In realtà, tutta l'arte antica è contemporanea. Vive con noi. Ci emoziona ogni volta come l'incontro con una persona amata. Esiste. È. È davanti a noi. E ci sarà ancora quando noi non ci saremo più. Ma l'osservazione dei dipinti di Tiziano e di Velasquez in una stessa sala, come il fiato ansioso di Van Gogh nei paesaggi estremi, ci mostrano artisti nuovi e diversi rispetto a quello che sono stati in altri pur notevoli momenti della loro attività.
Tiziano si rinnova fino a essere più moderno da vecchio che da giovane. Difficile spiegarlo a chi come alcuni mutilati e insoddisfatti critici d'Arte Contemporanea, hanno l'ansia di inseguire il fantasma del nuovo, confondendo, a danno di tutti, e per loro insensibilità estetica, l'arte con la moda. Penso ai tristi Renato Barilli e Achille Bonito Oliva, con le loro scolastiche formulette, del genere la Storia dell'Arte è frutto di continue evoluzioni del linguaggio. I veri artisti sono tali per l'apporto innovativo che essi danno a questa. Bai lo dà negli anni 50, Schifano e Festa negli anni 60, Pisani e De Dominicis negli anni 70. E la Transavanguardia alla fine degli stessi anni. In questa visione necrofila, gli artisti muoiono subito, e Tiziano sarebbe trascurabile già dalla metà degli anni 20. Con questo principio, si è squartato il corpo di De Chirico, ignorando l'unità della sua impresa artistica. Io credo che l'arte non obbedisca a regole e necessità, se non interiori, della coscienza. E conosco, di artisti originali, opere notevoli di momenti diversi, testimonianze di una sublime indifferenza per l'attualità.
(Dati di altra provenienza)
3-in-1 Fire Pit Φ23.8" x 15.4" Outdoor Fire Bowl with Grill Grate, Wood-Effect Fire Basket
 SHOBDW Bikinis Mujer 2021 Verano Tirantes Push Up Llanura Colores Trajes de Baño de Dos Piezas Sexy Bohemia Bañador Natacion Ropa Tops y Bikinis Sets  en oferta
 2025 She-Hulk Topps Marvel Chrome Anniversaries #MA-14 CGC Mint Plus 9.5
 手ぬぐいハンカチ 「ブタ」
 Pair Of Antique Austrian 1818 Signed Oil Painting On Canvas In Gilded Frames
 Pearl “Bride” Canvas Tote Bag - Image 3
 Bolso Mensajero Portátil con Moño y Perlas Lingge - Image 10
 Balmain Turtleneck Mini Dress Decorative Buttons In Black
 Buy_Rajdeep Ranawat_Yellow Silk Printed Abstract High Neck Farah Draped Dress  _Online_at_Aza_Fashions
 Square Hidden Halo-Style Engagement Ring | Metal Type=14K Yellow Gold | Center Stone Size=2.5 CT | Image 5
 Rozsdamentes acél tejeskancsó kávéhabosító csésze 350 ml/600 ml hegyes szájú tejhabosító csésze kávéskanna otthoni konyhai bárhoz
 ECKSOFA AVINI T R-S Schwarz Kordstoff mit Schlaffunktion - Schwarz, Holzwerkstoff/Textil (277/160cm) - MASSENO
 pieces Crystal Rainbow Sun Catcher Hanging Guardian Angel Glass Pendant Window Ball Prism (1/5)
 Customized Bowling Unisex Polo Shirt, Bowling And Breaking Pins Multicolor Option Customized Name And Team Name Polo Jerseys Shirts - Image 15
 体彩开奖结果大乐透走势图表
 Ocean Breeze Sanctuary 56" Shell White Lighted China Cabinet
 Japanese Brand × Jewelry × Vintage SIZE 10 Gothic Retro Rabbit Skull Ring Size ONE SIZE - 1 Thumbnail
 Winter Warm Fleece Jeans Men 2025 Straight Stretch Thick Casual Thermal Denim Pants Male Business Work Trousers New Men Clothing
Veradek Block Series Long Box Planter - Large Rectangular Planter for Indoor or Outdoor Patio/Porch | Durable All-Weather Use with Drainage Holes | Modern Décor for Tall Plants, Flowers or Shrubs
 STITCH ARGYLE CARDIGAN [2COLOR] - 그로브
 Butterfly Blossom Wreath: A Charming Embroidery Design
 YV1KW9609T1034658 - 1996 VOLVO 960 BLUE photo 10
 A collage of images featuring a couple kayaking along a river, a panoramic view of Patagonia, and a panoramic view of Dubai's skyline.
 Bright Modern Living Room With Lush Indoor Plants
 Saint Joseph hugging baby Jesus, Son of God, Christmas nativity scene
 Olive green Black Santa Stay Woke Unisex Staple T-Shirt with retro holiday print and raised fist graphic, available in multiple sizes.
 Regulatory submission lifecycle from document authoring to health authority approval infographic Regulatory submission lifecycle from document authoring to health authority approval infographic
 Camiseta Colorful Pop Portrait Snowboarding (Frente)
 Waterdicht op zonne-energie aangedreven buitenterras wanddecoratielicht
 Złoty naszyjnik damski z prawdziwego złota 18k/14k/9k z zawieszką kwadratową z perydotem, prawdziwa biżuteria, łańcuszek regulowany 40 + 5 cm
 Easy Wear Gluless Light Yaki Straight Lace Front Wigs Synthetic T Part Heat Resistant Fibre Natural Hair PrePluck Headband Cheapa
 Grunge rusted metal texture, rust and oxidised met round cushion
Penso a Picasso, a Sironi, a Morandi. Anzi, il Morandi tardo si esalta nel contrasto con gli artisti che sembrano obbligati a fare tendenza. E cosa pensare dell'ultimo, immenso Burri? Altri, come Leoncillo, Fontana, Gnoli, Ferroni trovano se stessi nel momento più avanzato della loro attività. Music dipinge capolavori, quasi senza materia, oltre gli ottant'anni, proprio come Tiziano. E Guido Reni dipinge pure essenze poco prima di morire. Anche Jacopo Bassano, ormai cieco, dipinge con le dita opere sensibilissime che niente hanno a che fare con quelle della prima maturità. Perché non dovremmo consentire che anche un artista contemporaneo si rinnovi, e non resti chiuso nella cifra che la critica ha deciso per lui? Inutile spiegarlo ai becchini dell'Arte Contemporanea. Né si sa come rispondere alla narcisistica esibizione di ignoranza di chi ricostruisce anche la storia a suo piacimento, trasformando il più grande artista del Cinquecento, Raffaello, nel più grande artista del Quattrocento con incredibili argomenti: la sua opera non appartiene alla turbolenza, all'ansietas e al furor neoplatonico del Cinquecento, ma, piuttosto, all'armonia quattrocentesca (Bonito Oliva). Una tesi così insensata da far bocciare uno studente delle scuole medie. E non una svista, ma una teoria contro la storia, verso la quale ci si sente obbligati soltanto per i poveri Bai, Schifano e Festa. Piccoli schemi, regolette muovono gli strani personaggi di un mondo di signore che vanno alle mostre come alle sfilate, per la stagione primavera-estate e autunno-inverno.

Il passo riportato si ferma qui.